• _Exercise_
Run through the records and show each line that includes the string "Light".

Caption-style text data:
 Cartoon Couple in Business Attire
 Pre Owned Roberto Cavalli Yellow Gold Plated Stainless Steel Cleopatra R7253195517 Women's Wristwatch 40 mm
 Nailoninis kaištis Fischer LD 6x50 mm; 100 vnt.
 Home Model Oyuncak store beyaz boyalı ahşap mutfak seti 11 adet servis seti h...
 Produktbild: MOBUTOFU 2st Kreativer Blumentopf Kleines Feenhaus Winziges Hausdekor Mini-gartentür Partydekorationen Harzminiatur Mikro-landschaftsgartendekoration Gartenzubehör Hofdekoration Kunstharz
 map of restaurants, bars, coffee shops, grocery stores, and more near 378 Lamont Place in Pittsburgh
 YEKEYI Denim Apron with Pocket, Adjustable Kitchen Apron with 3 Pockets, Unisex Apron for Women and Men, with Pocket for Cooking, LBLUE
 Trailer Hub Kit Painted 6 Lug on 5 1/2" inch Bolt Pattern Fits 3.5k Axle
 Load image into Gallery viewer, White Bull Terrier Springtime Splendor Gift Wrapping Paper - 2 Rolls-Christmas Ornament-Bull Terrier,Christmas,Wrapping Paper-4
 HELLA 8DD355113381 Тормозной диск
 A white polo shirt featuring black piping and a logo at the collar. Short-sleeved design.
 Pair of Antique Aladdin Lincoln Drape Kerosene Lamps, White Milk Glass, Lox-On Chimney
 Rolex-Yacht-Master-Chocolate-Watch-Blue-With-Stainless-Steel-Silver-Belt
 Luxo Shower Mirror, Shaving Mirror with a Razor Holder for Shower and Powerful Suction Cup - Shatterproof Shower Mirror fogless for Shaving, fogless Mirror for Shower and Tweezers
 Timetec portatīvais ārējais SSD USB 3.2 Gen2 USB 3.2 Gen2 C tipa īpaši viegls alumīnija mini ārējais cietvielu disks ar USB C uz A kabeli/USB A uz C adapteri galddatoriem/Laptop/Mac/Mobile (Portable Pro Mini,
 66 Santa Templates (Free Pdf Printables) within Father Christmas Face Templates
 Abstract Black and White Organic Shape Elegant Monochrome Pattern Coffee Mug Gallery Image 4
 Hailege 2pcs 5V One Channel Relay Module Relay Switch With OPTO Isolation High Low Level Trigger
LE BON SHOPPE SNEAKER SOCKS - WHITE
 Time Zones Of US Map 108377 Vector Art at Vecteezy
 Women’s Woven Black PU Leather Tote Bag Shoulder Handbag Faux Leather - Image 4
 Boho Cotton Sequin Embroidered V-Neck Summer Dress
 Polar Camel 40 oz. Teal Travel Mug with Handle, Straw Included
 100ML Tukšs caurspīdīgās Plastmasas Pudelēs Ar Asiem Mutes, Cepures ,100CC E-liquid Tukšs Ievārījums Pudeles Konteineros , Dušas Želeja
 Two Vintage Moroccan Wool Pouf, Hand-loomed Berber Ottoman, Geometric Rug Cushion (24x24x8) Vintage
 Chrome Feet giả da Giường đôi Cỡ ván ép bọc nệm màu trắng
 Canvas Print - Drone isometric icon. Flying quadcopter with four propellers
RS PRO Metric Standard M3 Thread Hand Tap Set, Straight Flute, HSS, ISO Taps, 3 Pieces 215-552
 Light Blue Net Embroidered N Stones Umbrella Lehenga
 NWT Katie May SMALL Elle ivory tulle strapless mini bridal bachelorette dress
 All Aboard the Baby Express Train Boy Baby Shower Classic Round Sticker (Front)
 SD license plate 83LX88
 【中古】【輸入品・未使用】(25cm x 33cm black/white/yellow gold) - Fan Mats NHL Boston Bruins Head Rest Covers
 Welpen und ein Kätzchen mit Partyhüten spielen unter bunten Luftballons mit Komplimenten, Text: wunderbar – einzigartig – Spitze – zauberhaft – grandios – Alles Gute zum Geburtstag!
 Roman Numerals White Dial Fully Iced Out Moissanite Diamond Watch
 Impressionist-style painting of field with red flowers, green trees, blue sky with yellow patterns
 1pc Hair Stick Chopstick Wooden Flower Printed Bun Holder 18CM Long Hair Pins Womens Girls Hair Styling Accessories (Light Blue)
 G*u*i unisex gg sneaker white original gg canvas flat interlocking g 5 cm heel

• _Answer to this task_
 Light Blue Net Embroidered N Stones Umbrella Lehenga
 1pc Hair Stick Chopstick Wooden Flower Printed Bun Holder 18CM Long Hair Pins Womens Girls Hair Styling Accessories (Light Blue)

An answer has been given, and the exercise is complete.